Fake news is real, yes, but the anxiety it has occasioned in the news media often seems motivated by something other than mere concern for the truth. By agonizing over “fake” news, journalists often appear to blame nameless others for the failings of the widely distrusted news industry. It’s not our fault, some in the media seem to be saying, it’s the fault of some teenage hoaxers in Romania. That modifier “fake,” to put the point slightly differently, suggests that non-“fake” news must be conversely genuine, truthful, factual.

But of course it isn’t. All of us, whatever our political attitude, have read what we regard as essentially false or inaccurate or wrongheaded stories in mainstream news sources. Does that make the reporters of these stories perpetrators of fake news? Surely not, as they were trying, however imperfectly, to report the truth. That’s not much comfort to the people and institutions these false or inaccurate stories damaged, however, and indeed they are entitled to regard this new term “fake news” with a degree of derision.

Comet Ping Pong customers came out to support the restaurant after a gunman entered it with an assault rifle, firing it at least once. Several other businesses on the block have received other threats as well. (Whitney Shefte/The Washington Post)

Let’s get at the problem by asking this question: Which is more dangerous — the entirely fabricated story your ornery uncle links to on Facebook, or the story we read in a respectable news source containing an important and substantially false claim? The fabricated story that exercises your uncle is dangerous in its way, but it’s unlikely to sway anyone’s opinion about the subject. The only people inclined to believe the hoax headline “FBI Agent Suspected in Hillary Email Leaks Found Dead in Apparent Murder-Suicide” are those who already loathe Clinton. The story may intensify hatred, but it doesn’t alter opinion or allegiance.

The false or inaccurate story published in a mainstream venue, by contrast, does the opposite. Maybe the story consists of mostly true statements, but it’s built on an egregiously false premise. Or maybe it includes a key line that infers far more than the facts allow. Or it presents a tendentious interpretation of the facts. Take this sentence, published last week in the New York Times about House Republicans breaking with Trump over the latter’s trade policies: “He [Trump] repeatedly insisted that trade deals had displaced American workers and harmed the economy, upending two centuries of American economic policies that held trade up as a good thing, a position that Republicans have pushed in recent decades.” The latter half of the sentence (a) implies that Trump opposes not just disadvantageous trade deals but trade itself; and (b) suggests that American policy has unswervingly favored free trade for 200 years. Both are false, but the uncareful reader may easily imbibe one or both without realizing it, so subtle is the misinformation and so authoritative the source.

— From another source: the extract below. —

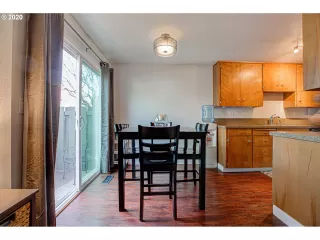 Photo #4: 20206266 Listing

I don’t know the reporter’s views, but the article’s tone leads me to suspect that a dislike of Trump gave her license to interpret his pronouncements in the worst possible light, even at the cost of sense and factual truth. And that — the ever-present danger of allowing our likes and dislikes to dictate our interpretations of facts — may be what mainstream journalists preoccupied with “fake news” haven’t yet appreciated. The facile and stark distinction between real and fake, fact and invention, truth and lie suggests a failure on the part of mainstream American journalists to grasp the importance of interpretation. There is no such thing as an uninterpreted fact, and journalists are just as much interpreters as reporters of facts. Indeed I suspect one of the chief reasons so many Americans prefer harrowing Internet rumors to mainstream news is that they’ve grown impatient with journalists’ pretense that their assertions involve only truth, only facts unmediated by opinion or partiality. These Americans may have their gullible moments, but they know better than that.

The rise of fake news, if it’s anything, is an indictment of America’s newsrooms. Yet somehow I doubt the newsrooms will interpret it that way.